A.f.n. kolajen sentezini uyarır, tip I kolajen üretimini düzenler. Geçirgenlikteki fark büyük olasılıkla lipofiliklik derecesi ile ilgilidir. sorunlu bir cildiniz varsa ve C vitamini arıyorsanız bu forma sahip ürünlere dikkat etmek mantıklıdır. Düşük konsantrasyonlarda (%1'de bile) etkilidir. Sodyum askorbil fosfat (SAP olarak kısaltılır), askorbik asidin fosfat ve tuz ile kombinasyonundan elde edilen stabil, suda çözünür bir C vitamini formudur, bileşeni parçalamak (parçalamak) ve saf askorbik asidi serbest bırakmak için ciltteki enzimlerle etkileşime giren bileşikler. asit, C vitamininin en çok araştırılan formudur. Tıpkı saf C vitamini gibi, sodyum askorbil fosfat da cilt üzerinde ve içinde bir antioksidan görevi görür.
Yüksek miktarlarda kullanıldığında, donuk cilt tonunun açılmasında, kırışıklıkların yumuşatılmasında, cildin gözle görülür şekilde sıkılaştırılmasında ve renk değişiminin azaltılmasında etkili olabilir. Cilt bakımında sodyum askorbil fosfatın olağan konsantrasyonu %0,2-3 arasında değişmektedir; bu, özellikle her iki bileşenin stabilitesini artıran antioksidan sinerji için yağda çözünen E vitamini ile birleştirildiğinde, cildin çevreden korunmasını iyileştirmek ve çizgiler ve kırışıklıklarla savaşmak için etkili bir aralıktır.
Karşılaştırmalı bir çalışmada, aynı miktarda askorbik asit ile %5'lik bir sodyum askorbil fosfat konsantrasyonunun, kırışıklıkların yumuşatılması ve göz çevresindeki cildin elastikiyetinin iyileştirilmesi için eşdeğer faydalara sahip olduğu gösterilmiştir. 3'ün üzerindeki miktarlar, askorbik asidin bu sorunu çözmek için çalıştığını gösteren çalışma aralığına benzer şekilde, hedeflenen renk değişikliği için gerekli kabul edilir. Ayrıca sodyum askorbil fosfatın %1 ve %5 konsantrasyonlarının, muhtemelen cilt üzerindeki yatıştırıcı etkisi nedeniyle kızarıklıklarla ilişkili faktörleri etkileyebileceğini gösteren çalışmalar da vardır.

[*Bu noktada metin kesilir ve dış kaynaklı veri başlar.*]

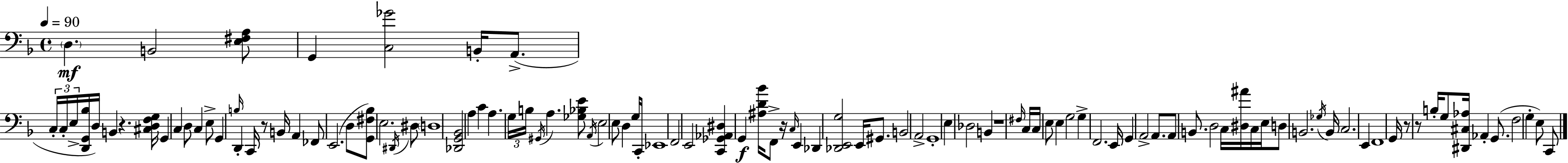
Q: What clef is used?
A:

Dolayısıyla, bu C vitamini formu benzoil peroksit ve salisilik asit içeren akne ürünlerine etkili bir katkı olabilir. Diğer C vitamini formlarıyla birlikte cilt bakım ürünlerinde kullanımının güvenli olduğu düşünülmektedir. C vitamininin bu çok yönlü formu hem su hem de yağ bazlı formüllerde parçalanmadan çalışır, ancak bu etkileyici stabiliteye rağmen ambalajlama hala önemlidir. Çünkü bu stabilite aşılamaz değildir, yani ışığa ve havaya sürekli maruz kalmak, kesinlikle saf C vitamini (askorbik asit) kadar hızlı olmasa da, etkinliğini yine de zayıflatabilir.